Meski diandalkan, faktor cedera berulang membuat menit bermainnya terbatas. Pada 2016/2017, Bayern Munich meminjamkannya kepada Juventus. Benatia lalu dipermanenkan pada musim panas 2017. Kendati hanya singkat di Bayern Munich, ia berhasil mempersembahkan 2 trofi Bundesliga Jerman dan 1 DFB-Pokal kepada publik Allianz Arena.
2. Noussair Mazraoui tampil menjanjikan sebagai bek kanan selama 2 musim
Bayern Munich mendatangkan Noussair Mazraoui pada musim panas 2022. Manajemen mendapatkan tanda tangannya secara cuma–cuma setelah kontraknya berakhir d Ajax Amsterdam. Mazraoui hanya bertahan di Allianz Arena hingga 2024.
Kendati tak lama, penampilannya terbilang apik di sisi kanan pertahanan. Walau tak selalu reguler, ia mampu bermain dalam 55 pertandingan di lintas ajang dengan 1 gol dan 8 assist. Ia turut membantu Bayern Munich meraih trofi Bundesliga dan DFL-Supercup.
Pada musim panas 2024, Bayern Munich melepas Mazraoui ke Manchester United. Secara bisnis, Bayern Munich untung. Datang seara gratis, Bayern Munich berhasil melegonya kepada raksasa Inggris tersebut dengan harga 15 juta euro atau sekitar Rp307 miliar.
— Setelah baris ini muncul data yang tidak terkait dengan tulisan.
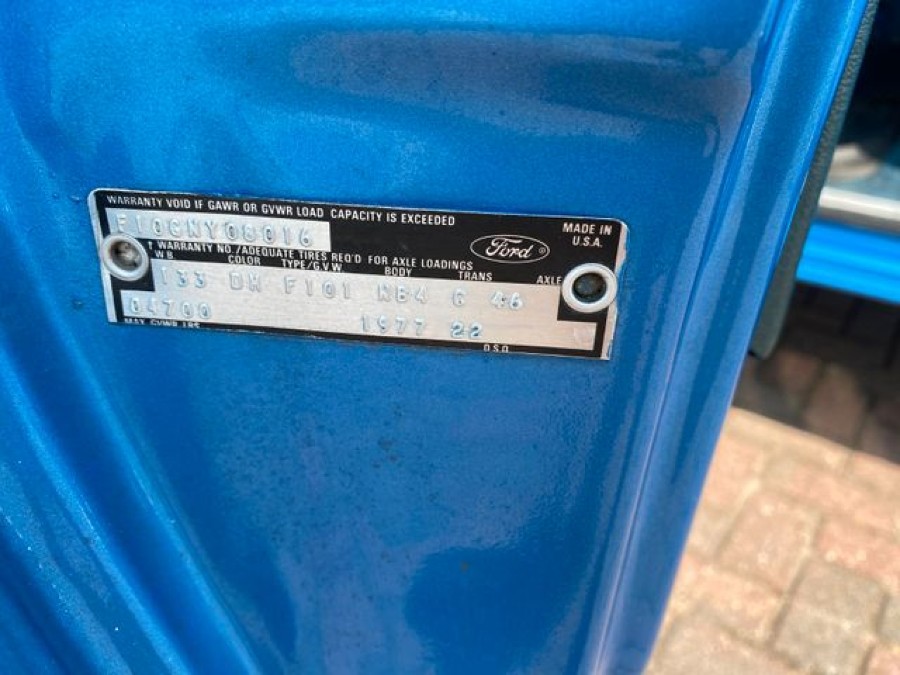 Zu verkaufen: Ford F100 guter Zustand Baujahr BJ 07/1977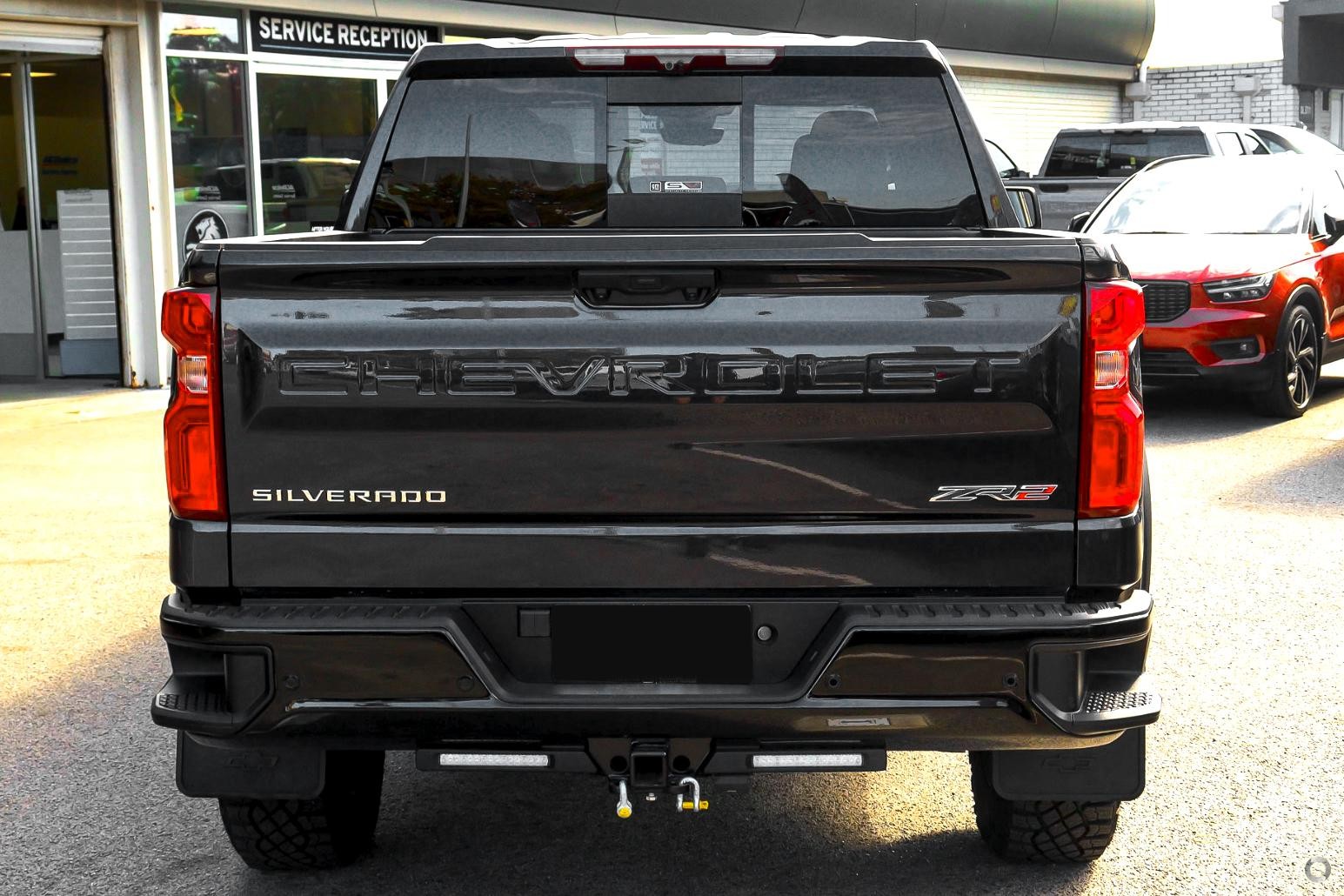 Chevrolet Silverado image 3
3. Sempat debut di tim utama Bayern Munich, Adam Aznou belum mampu reguler sehingga dijual
Adam Aznou menjadi pemain Maroko terakhir yang membela Bayern Munich sebelum Ismael Saibari. Berbeda dengan dua nama sebelumnya, Bayern Munich merekrut Aznou saat 16 tahun pada 2020 lalu. Ia lalu menimba ilmu di akademi dan rutin bermain di berbagai level.
Mulai dari U-17 hingga Bayern Munich II, Aznou tampil menjanjikan sebagai pemain sayap. Ia dapat bertugas sebagai bek sayap kanan dan kiri, serta winger kanan juga kiri. Konsistensi ini membuatnya debut di tim utama Bayern Munich pada November 2024 saat berusia 18 tahun. Secara total, ia memainkan empat pertandingan bersama tim utama Bayern Munich.
Kendati terus menunjukkan perkembangan, Bayern Munich meminjamkannya pada paruh kedua 2024/2025. Sempat dibawa ke Piala Dunia Antarklub pada musim panas 2025, Bayern Munich kemudian menjualnya kepada Everton. Kedua tim menyepakati biaya transfer senilai 9 juta euro atau Rp184 laga. Aznou dilego sebelum mengeluarkan kemampuan terbaiknya.
Ismael Saibari punya modal apik ketika bergabung bersama Bayern Munich. Ia merupakan tumpuan serangan PSV Eindhoven pada 2022–2026. Selama 4 tahun, ia produktif dengan 42 gol 29 assist dari 142 laga. Ia menjadi bagian integral keberhasilan PSV menjuarai Eredivisie Belanda selama 3 musim beruntun. Dengan konsistensi ini, ia bisa bersinar di Bayern Munich.